• [EXERCISE GOAL]: Please print the line that holds "Photo 11 VIN: 1N4AL3AP5GN352518" and each line after it to the end of the data, word for word, without any pictures.

• [MATERIAL TO PROCESS]:
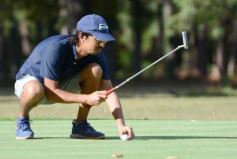 Foto de la galería: Tarde de Sábado a puro Golf: sigue el campeonato de verano en el Tacurú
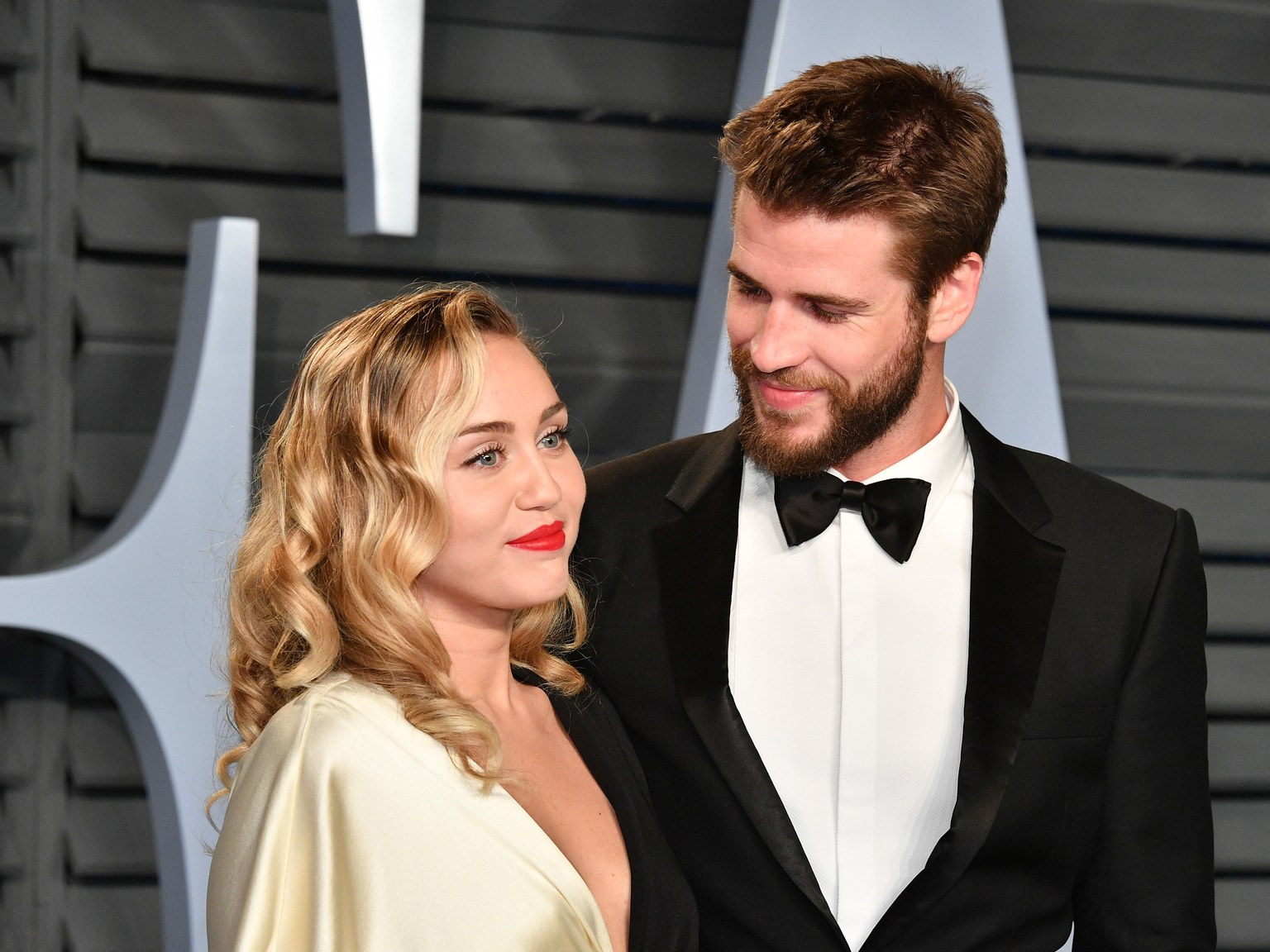 Miley Cyrus : Ses révélations très osées sur Liam Hemsworth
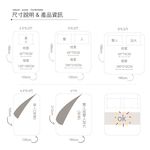 DUYAN竹漾 【文青簡約設計】舒柔棉 床包被套/鋪棉兩用被組-格陵藍, , large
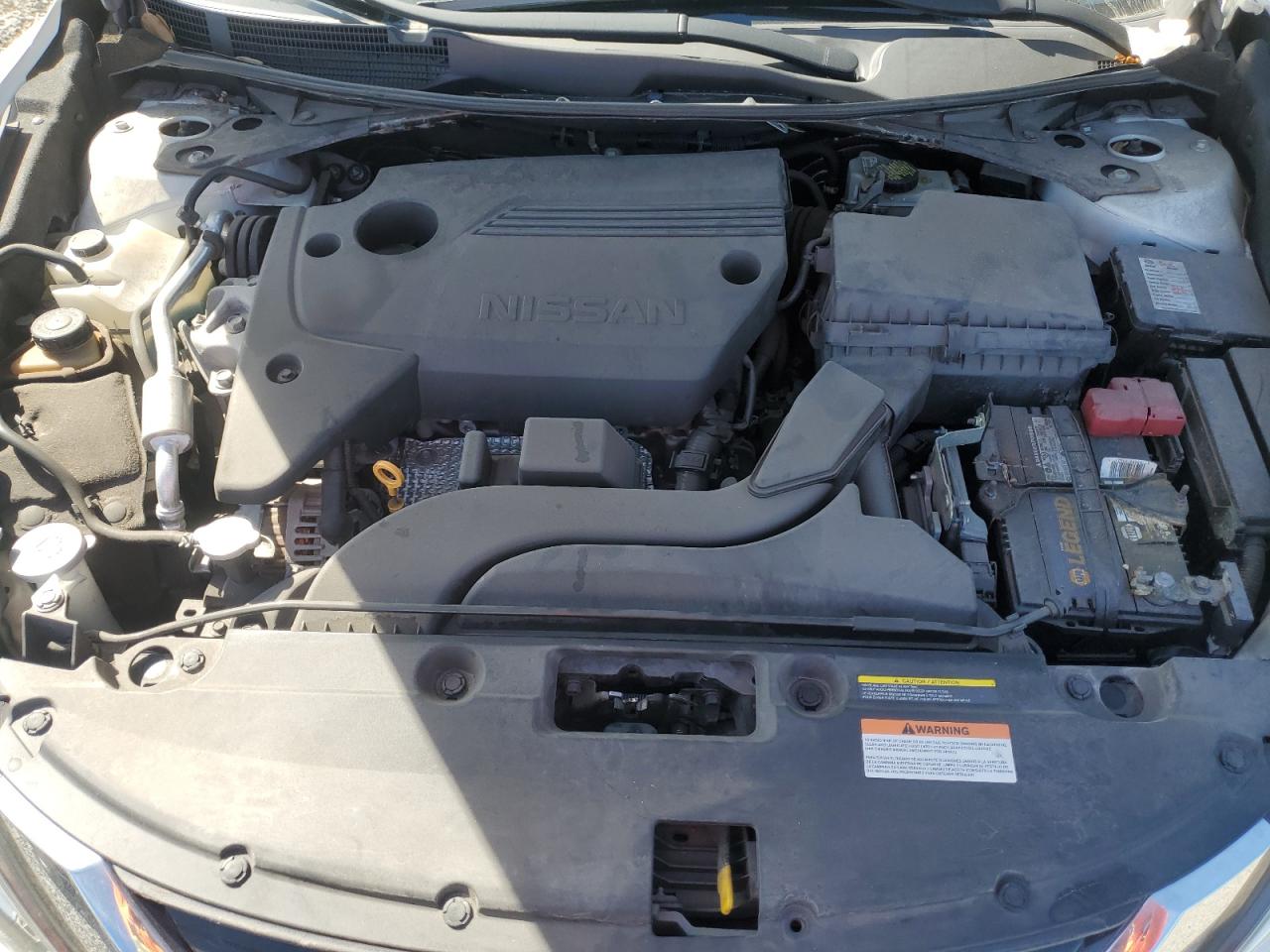 Photo 11 VIN: 1N4AL3AP5GN352518 - NISSAN ALTIMA 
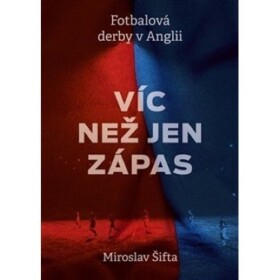 Víc než jen zápas
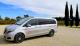 Luxury Transfer Vehicle
 - Uncork the Barossa Valley ex Adelaide - Scheduled - UNBV Small Batch Wine Tours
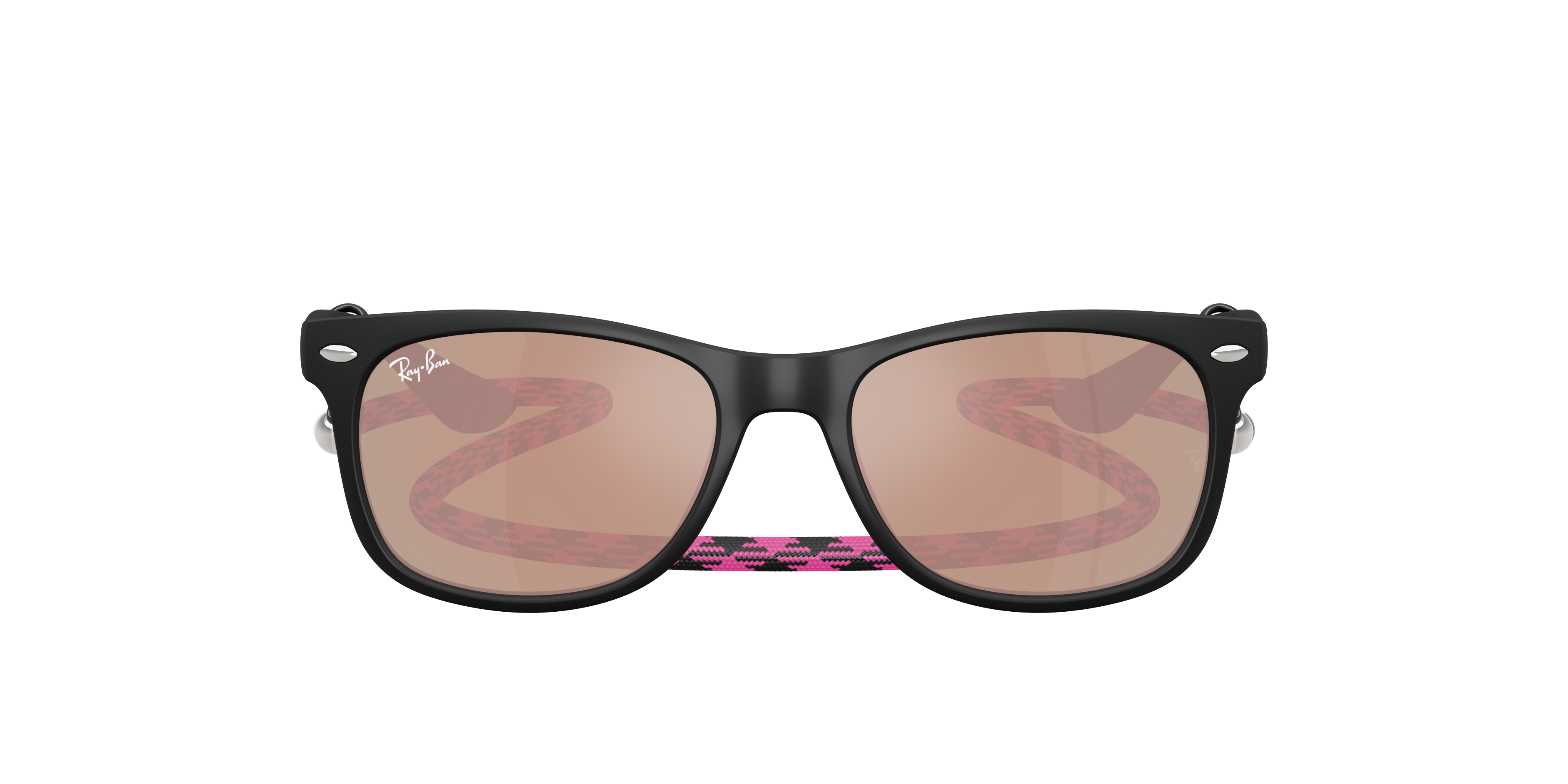 Ray-Ban Ray-Ban Sunglasses in Black | Target Optical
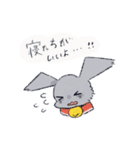 まいにちタビィちゃん（個別スタンプ：15）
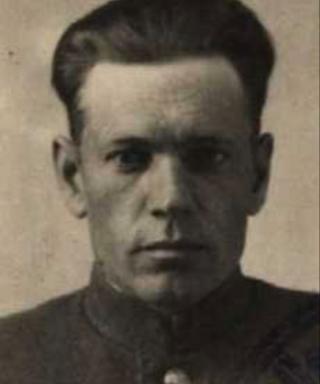 Скворцов Сергей Дмитриевич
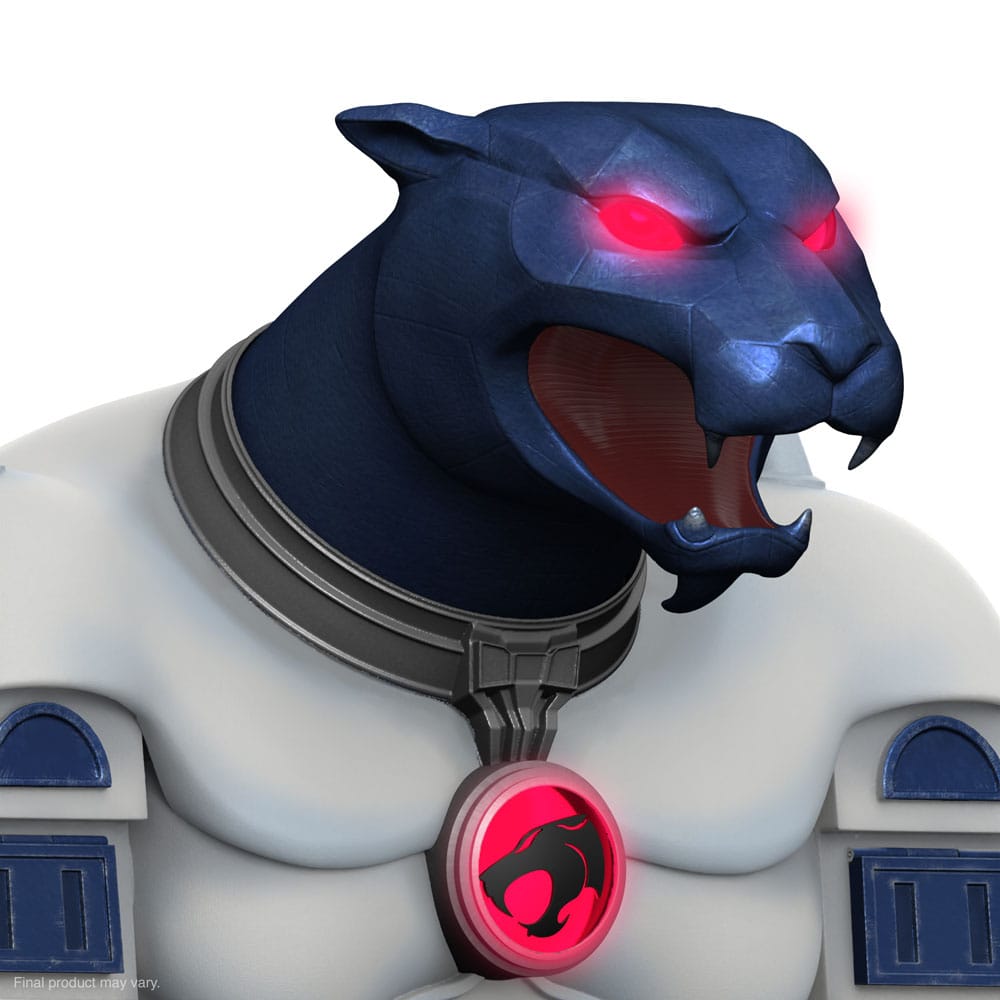 Thundercats Ultimates Cats' Lair 93 cm - Image 27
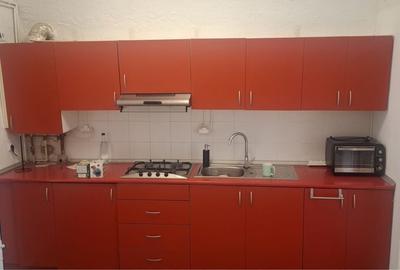 Apartament cu 2 camere nedecomandat în Ultracentral - 1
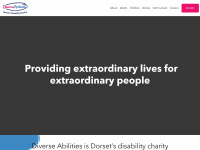 Diverseabilities.org.uk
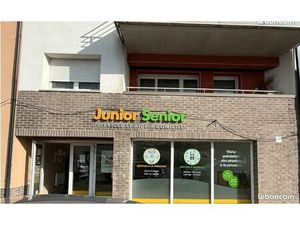 Local commercial 70m2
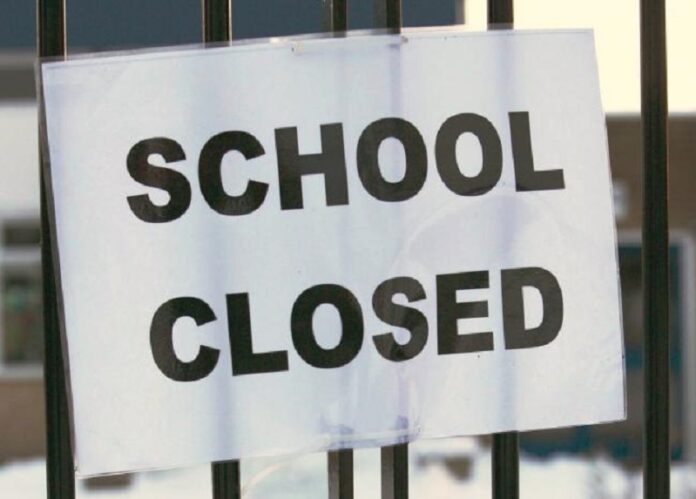 Maha Shivratri Day : Update on closure of Tamil state schools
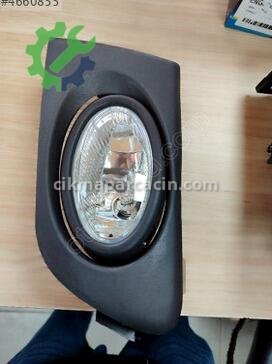 Honda Civic Sağ Sis Farı 33951-S5A-W01-33901-S5A-W çıkma parça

• [ANSWER TO THIS PROBLEM]:
 Photo 11 VIN: 1N4AL3AP5GN352518 - NISSAN ALTIMA 
 Víc než jen zápas
 Luxury Transfer Vehicle
 - Uncork the Barossa Valley ex Adelaide - Scheduled - UNBV Small Batch Wine Tours
 Ray-Ban Ray-Ban Sunglasses in Black | Target Optical
 まいにちタビィちゃん（個別スタンプ：15）
 Скворцов Сергей Дмитриевич
 Thundercats Ultimates Cats' Lair 93 cm - Image 27
 Apartament cu 2 camere nedecomandat în Ultracentral - 1
 Diverseabilities.org.uk
 Local commercial 70m2
 Maha Shivratri Day : Update on closure of Tamil state schools
 Honda Civic Sağ Sis Farı 33951-S5A-W01-33901-S5A-W çıkma parça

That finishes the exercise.